How long did it take you, to make-up THAT one, Skippy??

Is Annie "Bones" Coulter offering some kind o' correspondence-course in Makin' Up Sh*t????

:rolleyes:

"Prior to the creation in 1913 of the national income tax, about a third of Uncle Sam's annual revenue came from liquor taxes. (The bulk of Uncle Sam's revenues came from customs duties.) Not so after 1913. Especially after the income tax surprised politicians during World War I with its incredible ability to rake in tax revenue, the importance of liquor taxation fell precipitously.

By 1920, the income tax supplied two-thirds of Uncle Sam's revenues and nine times more revenue than was then supplied by liquor taxes and customs duties combined. In research that I did with University of Michigan law professor Adam Pritchard, we found that bulging income-tax revenues made it possible for Congress finally to give in to the decades-old movement for alcohol prohibition.

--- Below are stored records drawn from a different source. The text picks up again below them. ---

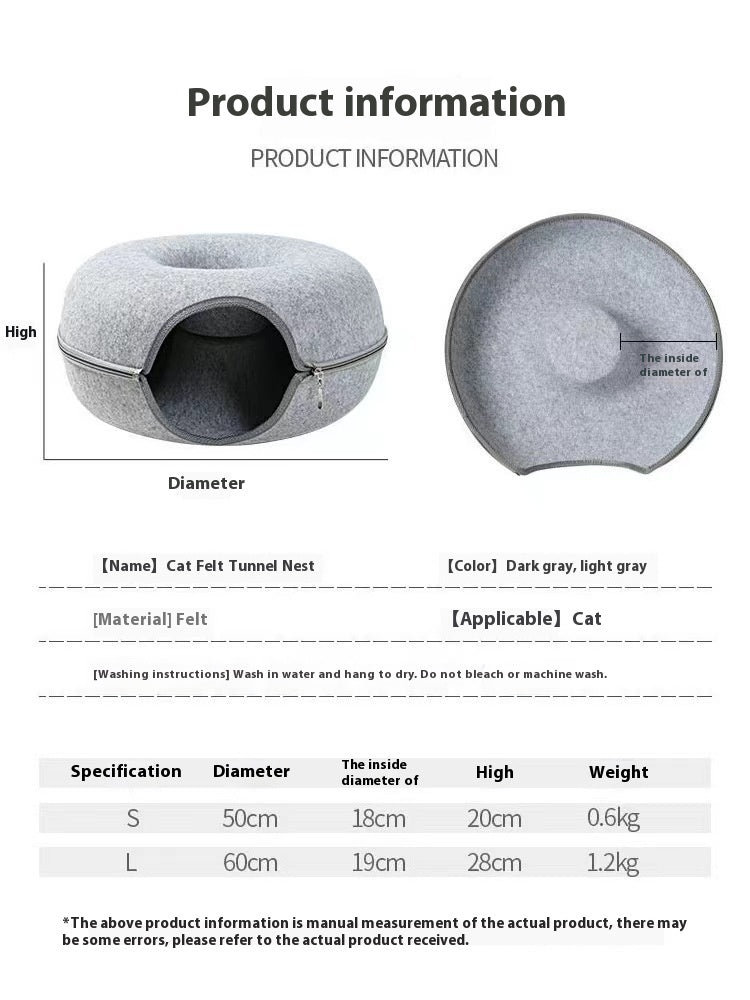 Round Tunnel Pet Bed Comfortable Play And Rest Nest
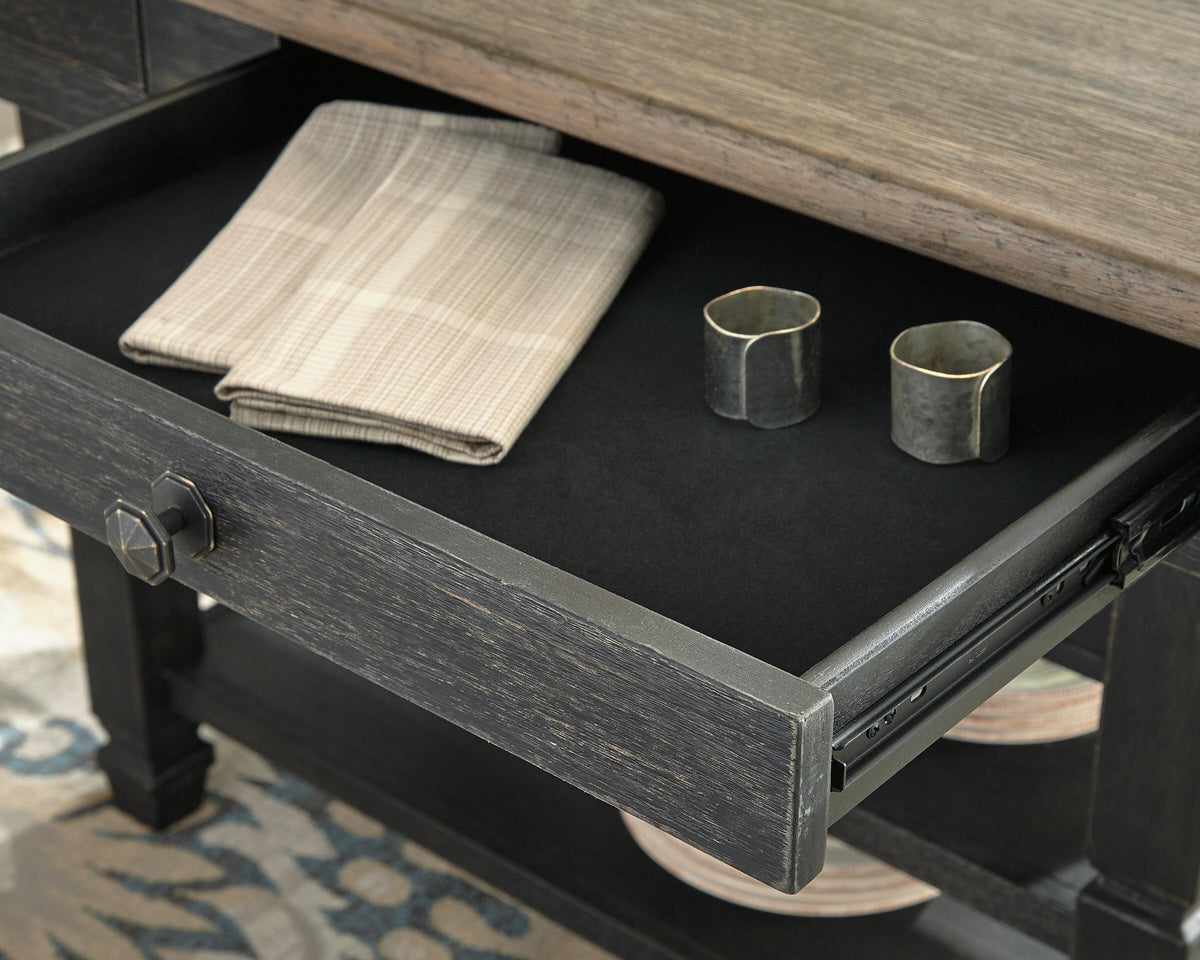 Tyler Creek Counter Height Dining Table in Black/Gray, detail view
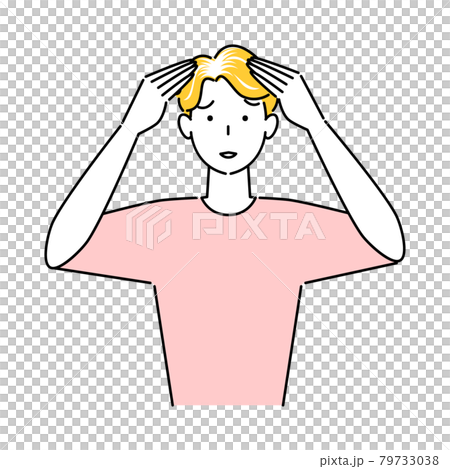 ヘアケア 頭頂部の薄毛と生え際の白髪が目立ってきて困り顔の可愛い男性 イラスト シンプル ベクター 79733038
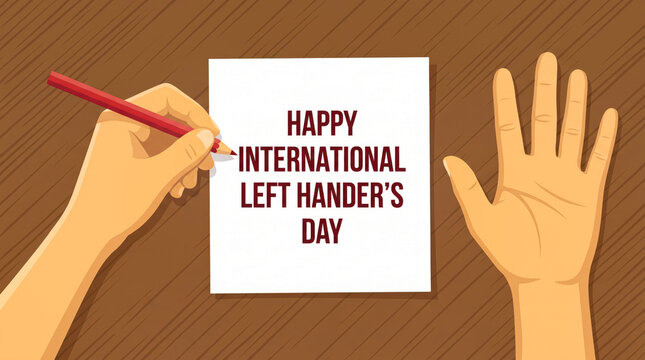 Left hand writing happy international left handers day message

Before the income tax, Congress effectively ignored such calls because to prohibit alcohol sales then would have hit Congress hard in the place it guards most zealously: its purse. But once a new and much more intoxicating source of revenue was discovered, the cost to politicians of pandering to the puritans and other anti-liquor lobbies dramatically fell.

Prohibition was launched.

Despite pleas throughout the 1920s by journalist H.L. Mencken and a tiny handful of other sensible people to end Prohibition, Congress gave no hint that it would repeal this folly. Prohibition appeared to be here to stay -- until income-tax revenues nose-dived in the early 1930s.

From 1930 to 1931, income-tax revenues fell by 15 percent.

In 1932 they fell another 37 percent; 1932 income-tax revenues were 46 percent lower than just two years earlier. And by 1933 they were fully 60 percent lower than in 1930.

With no end of the Depression in sight, Washington got anxious for a substitute source of revenue.

That source was liquor sales.


There's no doubt that widespread understanding of Prohibition's futility and of its ugly, unintended side-effects made it easier for Congress to repeal the 18th Amendment. But these public sentiments were insufficient, by themselves, to end the war on alcohol.

Ending it required a gargantuan revenue shock -- to the U.S. Treasury.

So, if the history of alcohol prohibition is a guide, drug prohibition will not end merely because there are many sound, sensible and humane reasons to end it. Instead, it will end only if and when Congress gets desperate for another revenue $ource.